For the discrete-time analysis we use a step size of $0.01$.

using Plots

### BLDF01

prob_BLDF01 = building_BLDF01();

#### Dense time

sol_BLDF01_dense = solve(prob_BLDF01; T=20.0,
alg=LGG09(; δ=0.004, vars=(25), n=48))

fig = plot(sol_BLDF01_dense; vars=(0, 25), linecolor=:blue, color=:blue,
alpha=0.8, lw=1.0, xlab="t", ylab="x25")

Safety properties:

@assert ρ(x25, sol_BLDF01_dense) <= 5.1e-3 "the property should be proven"  # BLDF01 - BDS01
@assert !(ρ(x25, sol_BLDF01_dense) <= 4e-3) "the property should not be proven"  # BLDF01 - BDU01
ρ(x25, sol_BLDF01_dense)
0.004860238896785233
@assert !(ρ(x25, sol_BLDF01_dense(20.0)) <= -0.78e-3) "the property should not be proven"  # BLDF01 - BDU02
ρ(x25, sol_BLDF01_dense(20.0))
0.0010835336749422345

#### Discrete time

sol_BLDF01_discrete = solve(prob_BLDF01; T=20.0,
alg=LGG09(; δ=0.01, vars=(25), n=48, approx_model=NoBloating()));

fig = plot(sol_BLDF01_discrete; vars=(0, 25), linecolor=:blue, color=:blue,
alpha=0.8, lw=1.0, xlab="t", ylab="x25")

Safety properties:

@assert ρ(x25, sol_BLDF01_discrete) <= 5.1e-3 "the property should be proven"  # BLDF01 - BDS01
@assert !(ρ(x25, sol_BLDF01_discrete) <= 4e-3) "the property should not be proven"  # BLDF01 - BDU01
ρ(x25, sol_BLDF01_discrete)
0.004412266117562393
@assert !(ρ(x25, sol_BLDF01_discrete(20.0)) <= -0.78e-3) "the property should not be proven"  # BLDF01 - BDU02
ρ(x25, sol_BLDF01_discrete(20.0))
0.0007977837510527828

### BLDC01

prob_BLDC01 = building_BLDC01();

#### Dense time

sol_BLDC01_dense = solve(prob_BLDC01; T=20.0, alg=LGG09(; δ=0.005, vars=(25), n=49))

fig = plot(sol_BLDC01_dense; vars=(0, 25), linecolor=:blue, color=:blue,
alpha=0.8, lw=1.0, xlab="t", ylab="x25")

Safety properties

@assert ρ(x25e, sol_BLDC01_dense) <= 5.1e-3 "the property should be proven"  # BLDC01 - BDS01
@assert !(ρ(x25e, sol_BLDC01_dense) <= 4e-3) "the property should not be proven"  # BLDC01 - BDU01
ρ(x25e, sol_BLDC01_dense)
0.00505263426354628
@assert !(ρ(x25e, sol_BLDC01_dense(20.0)) <= -0.78e-3) "the property should not be proven"  # BLDC01 - BDU02
ρ(x25, sol_BLDF01_discrete(20.0))
0.0007977837510527828

#### Discrete time

sol_BLDC01_discrete = solve(prob_BLDC01; T=20.0,
alg=LGG09(; δ=0.01, vars=(25), n=49, approx_model=NoBloating()))

fig = plot(sol_BLDC01_discrete; vars=(0, 25), linecolor=:blue, color=:blue,
alpha=0.8, lw=1.0, xlab="t", ylab="x25")

Safety properties

@assert ρ(x25e, sol_BLDC01_discrete) <= 5.1e-3 "the property should be proven" # BLDC01 - BDS01
@assert !(ρ(x25e, sol_BLDC01_discrete) <= 4e-3) "the property should not be proven" # BLDC01 - BDU01
ρ(x25e, sol_BLDC01_discrete)
0.004412266117562392
@assert !(ρ(x25e, sol_BLDC01_discrete(20.0)) <= -0.78e-3) "the property should not be proven" # BLDC01 - BDU02
ρ(x25e, sol_BLDC01_discrete(20.0))
5.582597411711546e-7

## References

• ASG00Antoulas, Athanasios C., Danny C. Sorensen, and Serkan Gugercin.

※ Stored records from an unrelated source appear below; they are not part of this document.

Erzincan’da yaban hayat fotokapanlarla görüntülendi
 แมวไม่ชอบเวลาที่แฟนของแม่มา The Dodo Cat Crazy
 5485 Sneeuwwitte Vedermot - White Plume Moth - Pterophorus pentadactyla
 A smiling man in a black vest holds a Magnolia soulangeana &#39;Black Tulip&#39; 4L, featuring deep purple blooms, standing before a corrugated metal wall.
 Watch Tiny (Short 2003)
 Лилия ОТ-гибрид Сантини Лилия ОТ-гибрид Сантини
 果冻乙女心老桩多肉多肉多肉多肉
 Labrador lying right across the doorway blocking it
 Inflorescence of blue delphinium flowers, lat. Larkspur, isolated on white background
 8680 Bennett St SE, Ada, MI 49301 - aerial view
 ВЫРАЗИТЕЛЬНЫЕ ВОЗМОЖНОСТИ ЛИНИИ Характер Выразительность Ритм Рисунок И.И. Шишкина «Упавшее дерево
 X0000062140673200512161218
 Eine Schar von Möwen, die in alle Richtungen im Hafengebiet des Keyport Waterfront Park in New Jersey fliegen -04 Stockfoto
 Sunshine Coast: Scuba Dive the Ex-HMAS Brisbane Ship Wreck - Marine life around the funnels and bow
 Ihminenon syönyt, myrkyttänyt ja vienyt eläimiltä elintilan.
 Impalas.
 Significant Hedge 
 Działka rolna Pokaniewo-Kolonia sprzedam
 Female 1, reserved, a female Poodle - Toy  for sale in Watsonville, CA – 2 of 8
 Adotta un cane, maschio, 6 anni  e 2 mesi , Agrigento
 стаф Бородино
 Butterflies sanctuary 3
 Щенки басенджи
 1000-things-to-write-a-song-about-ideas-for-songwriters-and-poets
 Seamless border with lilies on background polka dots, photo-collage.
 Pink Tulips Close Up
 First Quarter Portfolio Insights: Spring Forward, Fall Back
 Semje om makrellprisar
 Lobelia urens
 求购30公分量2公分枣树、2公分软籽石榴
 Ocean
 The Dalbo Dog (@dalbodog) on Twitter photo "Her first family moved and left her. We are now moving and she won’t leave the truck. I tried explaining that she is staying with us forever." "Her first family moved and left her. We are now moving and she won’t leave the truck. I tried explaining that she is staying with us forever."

A survey of model reduction methods for large-scale systems. 2000.
• TLT16Tran, Hoang-Dung, Luan Viet Nguyen, and Taylor T. Johnson. Large-scale linear systems from order-reduction (benchmark proposal). 3rd Applied Verification for Continuous and Hybrid Systems Workshop (ARCH). 2016.